Standing above it, I saw heaven, and a vast multitude of people spreading in all directions far beyond my sight. Suddenly there was a commotion, and the crowd separated into two, opening up a road through the center. The road was made of polished marble.

Suddenly there was a great eruption of joy and praise from that vast sea of people—a deafening roar of cheering and exalting alleluias and hands lifted high in adoration and thanksgiving.

Then I saw Fr. Cyprian walking down the road. His walk was the most beautiful and perfect walk I had ever seen, and it seemed that heaven had never seen the like of it either. And the amazing thing was that he was hobbling as he did the first time I saw him!

Recently I have become acquainted with the Veil of Manoppello. The face that appears on the cloth is believed by many to be an impression miraculously etched on the napkin that was placed over Christ’s face in the tomb. (See John 20:1-10).

The features of the face, including a broken nose, swollen cheek, and the jaw slightly askew, match perfectly those of the face on the shroud of Turin.

On the Shroud, Christ’s eyes and mouth are closed, and on the Manapello napkin, his eyes are staring slightly up and ahead and the mouth is slightly open with some of the upper teeth showing.

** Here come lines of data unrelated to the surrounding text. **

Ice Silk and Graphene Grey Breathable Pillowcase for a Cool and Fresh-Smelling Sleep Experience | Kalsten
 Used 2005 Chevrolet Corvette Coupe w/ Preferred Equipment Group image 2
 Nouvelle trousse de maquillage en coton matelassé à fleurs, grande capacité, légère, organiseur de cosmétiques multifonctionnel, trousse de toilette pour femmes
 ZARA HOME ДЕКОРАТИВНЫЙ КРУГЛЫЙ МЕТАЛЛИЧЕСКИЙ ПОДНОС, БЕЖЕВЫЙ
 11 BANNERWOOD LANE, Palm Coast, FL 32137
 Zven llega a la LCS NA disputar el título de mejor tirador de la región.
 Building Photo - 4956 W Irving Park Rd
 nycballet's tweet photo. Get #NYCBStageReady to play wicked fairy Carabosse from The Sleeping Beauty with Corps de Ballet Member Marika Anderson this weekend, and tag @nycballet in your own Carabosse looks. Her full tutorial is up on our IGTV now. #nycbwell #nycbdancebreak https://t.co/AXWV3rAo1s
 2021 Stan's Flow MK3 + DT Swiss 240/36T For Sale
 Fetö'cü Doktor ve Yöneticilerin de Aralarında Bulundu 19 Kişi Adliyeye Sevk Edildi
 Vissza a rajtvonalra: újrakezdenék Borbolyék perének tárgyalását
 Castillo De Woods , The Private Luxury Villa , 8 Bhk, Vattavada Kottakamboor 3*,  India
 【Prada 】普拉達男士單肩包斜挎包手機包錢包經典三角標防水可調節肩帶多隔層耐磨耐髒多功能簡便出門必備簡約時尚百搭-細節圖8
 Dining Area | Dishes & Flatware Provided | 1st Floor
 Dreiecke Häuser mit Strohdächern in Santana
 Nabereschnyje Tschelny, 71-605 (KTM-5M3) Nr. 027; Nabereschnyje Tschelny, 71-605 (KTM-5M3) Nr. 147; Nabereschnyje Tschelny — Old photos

Could this be showing the face of Christ at first moment after his Resurrection?

When I first saw the image in a DVD documentary, I thought, "Impossible! Look how disfigured the face is!" But as I spent time looking at and pondering the face on the cloth, my initial skepticism was changed into wonder and awe.

We know from Scripture that Christ carried the wounds of the nails and the lance in his resurrected body. Why not the other wounds as well? Why not those on his face? Might this be the reason Mary Magdalene failed to recognize him in the garden?

My concept of perfection was first challenged by the sight of Fr. Cyprian’s walk down the heavenly roadway. Now, the face on an ancient cloth is pushing my idea of the boundaries of perfection beyond what I had ever imagined.

I’m a little self conscious about my own walk. When I was a little boy, my feet stuck out at an improbable angle, causing me to trip frequently. Even now I have a duck-like step that gets imitated for me every now and again!

I don’t need to mention other physical imperfections and certainly not the host of interior flaws that I had always imagined would finally get "corrected" when I got my resurrected body. I’m not so sure about any of that anymore.

Every now and then, in my day-to-day life, my jaw drops again as I first catch sight of some person’s physical or even emotional deformity. But when it does, I try not to avert my gaze, but rather to receive with awe and wonder, eye to eye if even for an instant, this particular recipient of God’s infinite delight, just as he or she is. I even occasionally do this with myself by looking in a mirror.